11:47AM, Thursday 10 October 2019
Concerns have been raised over how the waterways will be integrated into the York Road redevelopment project by the firm Countryside.
In the plans for the 229-home Watermark site, the footpath will be two to three metres above York Stream, and there will be no access down to the water.
In public consultation, the images showed the path would be almost level with the £8million waterways, but the plans were altered in the final application.
Richard Davenport, chairman of trustees of the Maidenhead Waterways Group, has urged Countryside and the council to get together and amend the plans.
He said: “We have a design that would mean the footpaths are never less than two or three metres above the water. That’s quite far, that’s a drop with steep banks, and there’s no location or facility to get boats onto the water to maintain the water.
“We think that’s a crazy omission.

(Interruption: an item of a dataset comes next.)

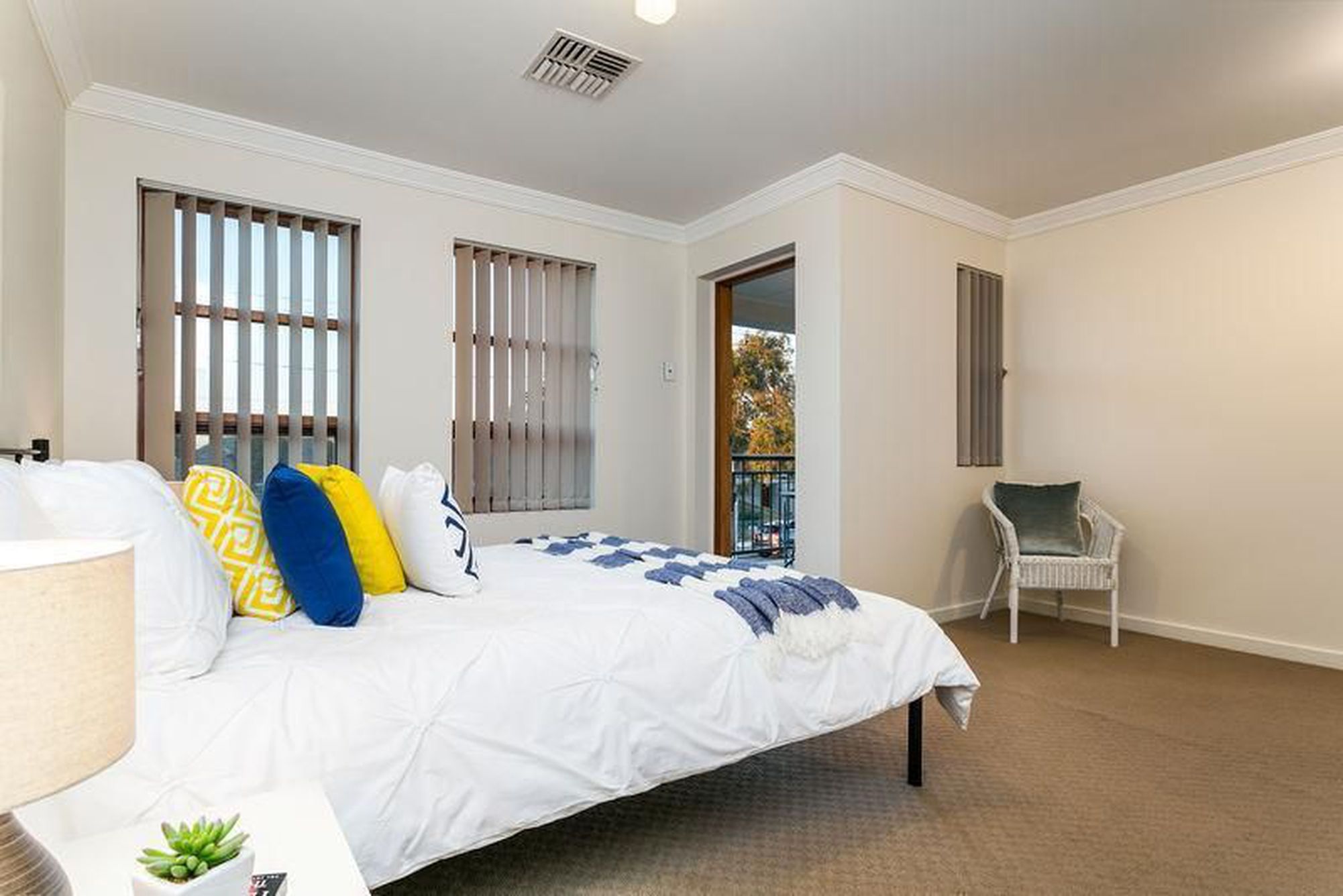 14 Seventh Avenue, Ascot Park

It also really conflicts with the images that were sold to the public at the consultation.
“People still talk about the piazza in front of Sainsbury’s (Providence Place), which when it was a planning application was going to be a fabulous multi-purpose asset and amenity for the public.

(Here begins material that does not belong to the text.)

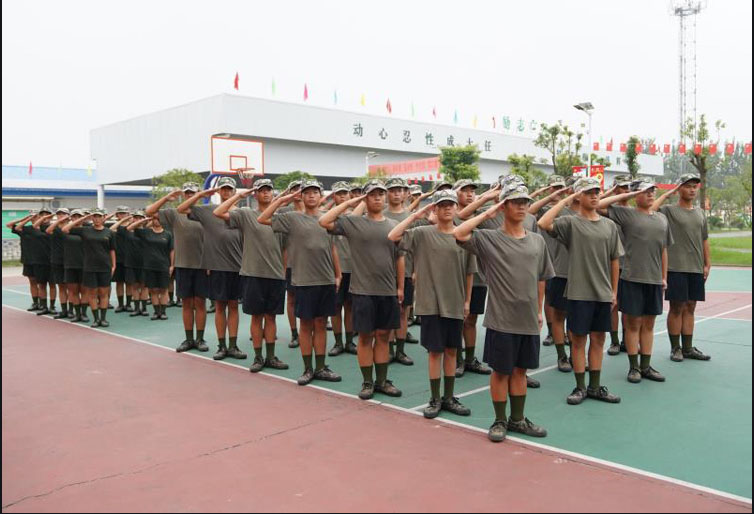孩子叛逆期管教学校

“Of course the reality is quite different.”
Mr Davenport added that no agreement had been reached between the joint developers – Countryside and the Royal Borough – over who will maintain the stream once the project is complete, and that he was worried it could fall back into disrepair if no agreement is reached.

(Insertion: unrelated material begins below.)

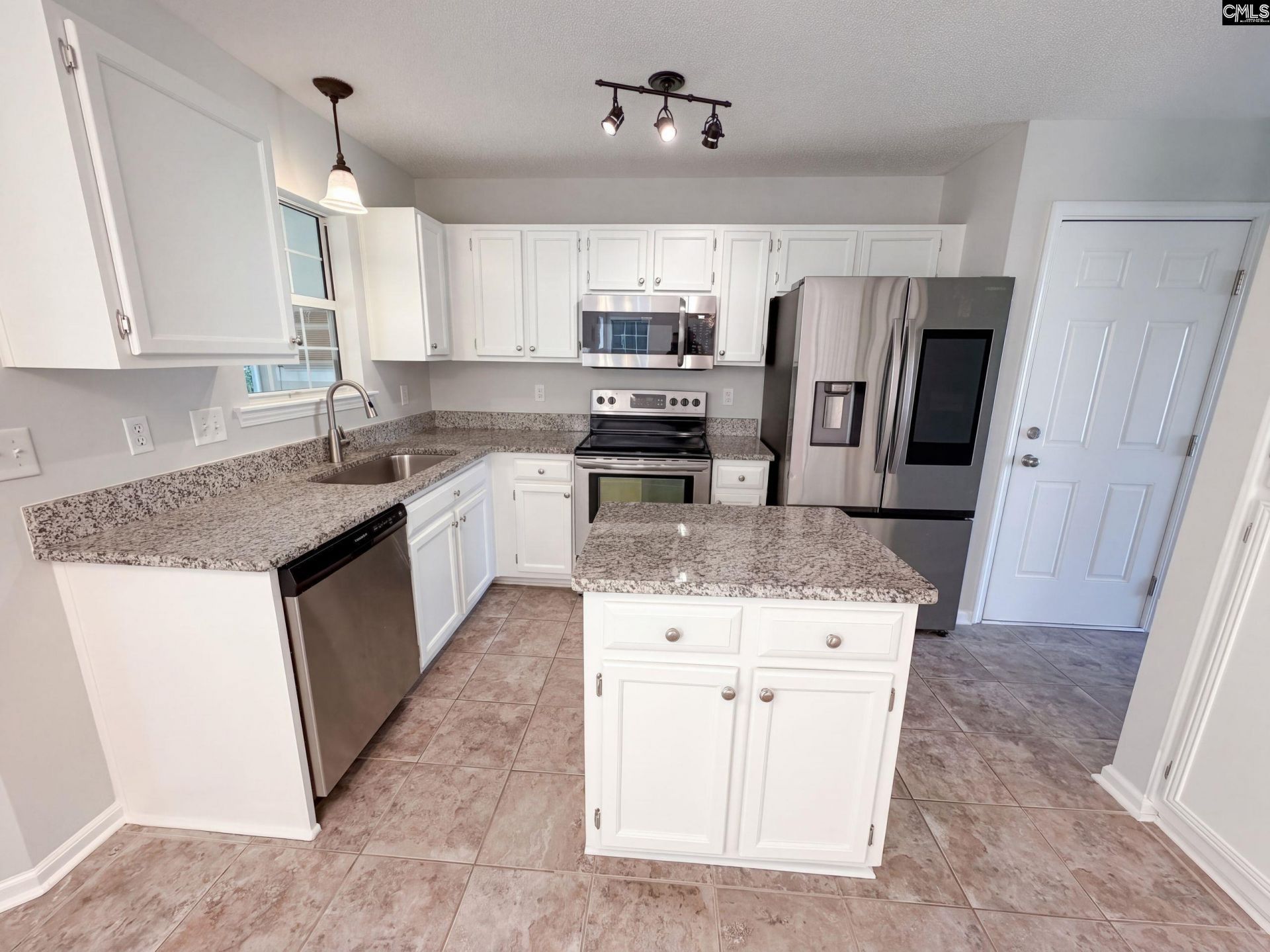 320 Hunters Ridge Drive  Photo 7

Cllr Donna Stimson (Con, St Mary's), lead member for environmental services, said she cared about the issue, but with the council’s £4million overspend, other projects had to take priority.
She said: “With the money that we have spent we can’t turn around to our residents and say we’re sorry there’s no more money available for children’s services or adult services, but here’s another million to sort something out for the waterways.
“It can’t just be waterways or bust, we have just got to go slowly.”
A Royal Borough spokeswoman said: “Initial discussions with our planning teams and the Environment Agency has shown that both would likely object to any works that could see steps down to the water introduced, as this would interfere with bio-diversity and natural integrity of the waterways.
“Any future improvement to the waterways would need to add to the bio-diversity.”
Countryside did not respond to a request for comment before going to press.